Uncovering logistics uncertainty through data and simulation
Simulation results demonstrated differences between the current transportation plan outcomes and those generated by the scenario-based model. Certain lanes showed higher yard dwell times in the simulation compared to the service level agreement-based plan, while others exhibited the opposite trend. This suggests that service level agreements may be overly optimistic or conservative for specific lanes. Our research showcased the capability of stochastic optimization models to capture the inherent variability in transportation time and dwell, enabling more robust transportation plans that better reflect real-world conditions.
While our study highlighted the benefits of stochastic optimization, it also identified certain limitations. The accuracy of input data, specifically estimated distributions of transportation time and dwell, plays a crucial role in determining result quality. To address this, future research should focus on improving these estimates by incorporating real-time data and leveraging advanced analytics techniques. Moreover, the computational complexity associated with stochastic optimization models may pose challenges in their practical implementation for large-scale transportation networks.

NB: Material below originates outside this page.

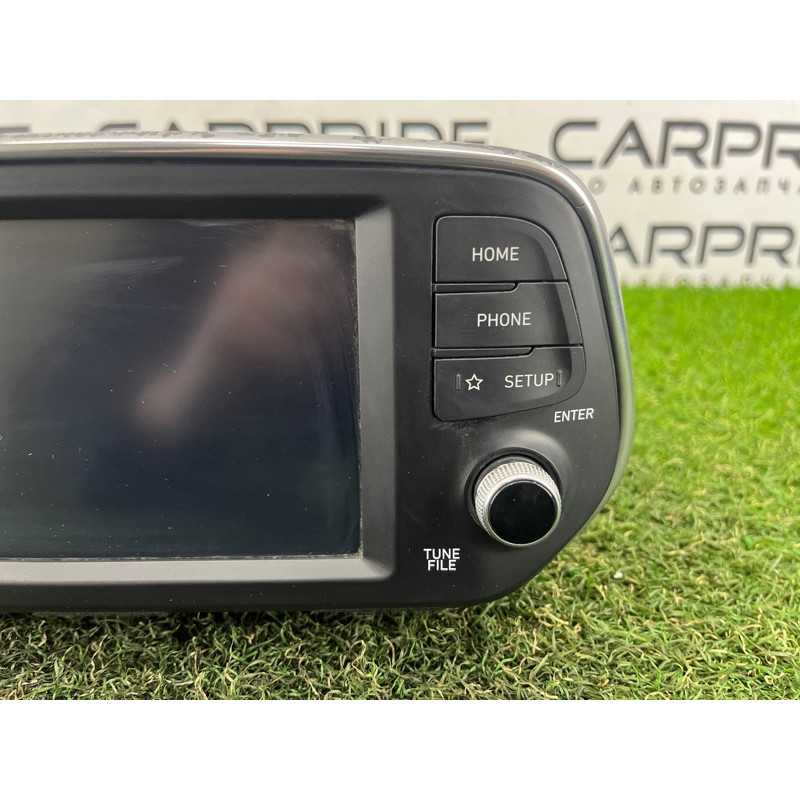 Магнитофон (электрика) Hyundai Santa Fe TM 2019 2.4GDI 96160S2000VCS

Exploring avenues to enhance the efficiency of these models would render them more accessible and feasible for widespread adoption.
Every year, approximately 80 students in the MIT Center for Transportation & Logistics’ (MIT CTL) Master of Supply Chain Management (SCM) program complete approximately 45 one-year research projects.
These students are early-career business professionals from multiple countries, with two to 10 years of experience in the industry. Most of the research projects are chosen, sponsored by, and carried out in collaboration with multinational corporations. Joint teams that include MIT SCM students and MIT CTL faculty work on real-world problems. In this series, they summarize a selection of the latest SCM research.